Some women on Ashley Madison Hong Kong are philosophical about their pursuit of an affair (“enjoy life before it ends”), others ironic (seeking “a married men [sic] who understands and respects family values and importance of being discreet”), and still others straightforward (“looking for various men to fulfill what my husband can’t”; “looking for a hot stud”).
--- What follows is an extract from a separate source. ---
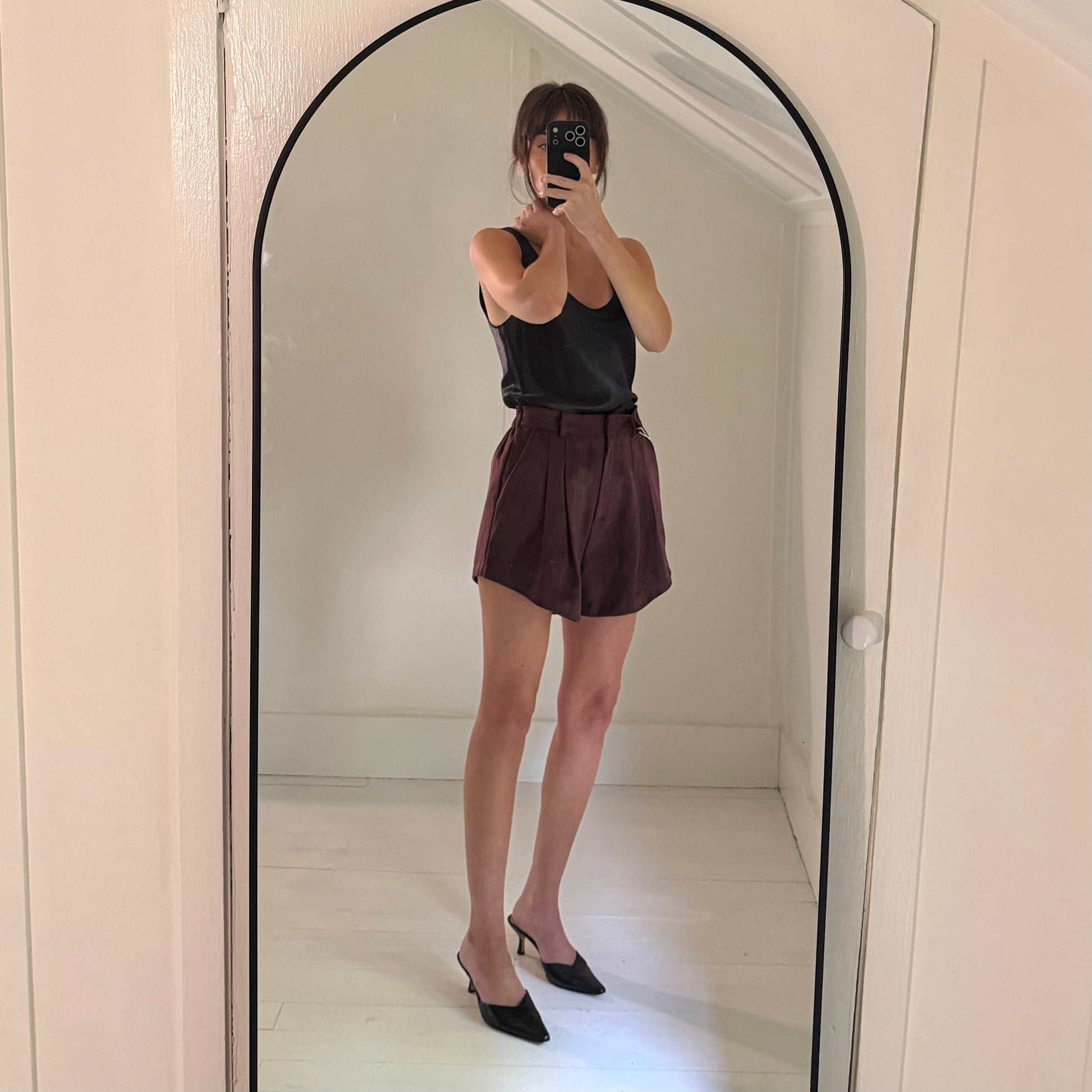 Source Unknown Vegan Suede Pleated Shorts NWT Size S/M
“In Hong Kong, [infidelity] seems to be almost culturally accepted,” Biderman says. “We have seen virality—women posting on their Facebook, ‘Hey, I joined Ashley Madison.’ We don’t have a viral business. You don’t tend to tell your friends about the success you have on Ashley Madison. That is part of why our growth has been the way that it has.”
Biderman acknowledges that he may need to compromise when dealing with authorities in Beijing, and concedes that a Chinese version of Ashley Madison could look very different than its sister sites. “It might be much more of a social network that people who are married join to talk to other people about marital problems,” he suggests.
Ultimately, however, he seems determined to make his business succeed in the Middle Kingdom.
“I don’t think that there is any government that I have encountered, or society, that doesn’t see itself as conservative and into preserving family values,” he says. “I think that what you tend to find is that as you explore it deeper, nobody who is at least being honest denies the presence of infidelity. And so, it can be improved upon and lead to less family breakdowns.”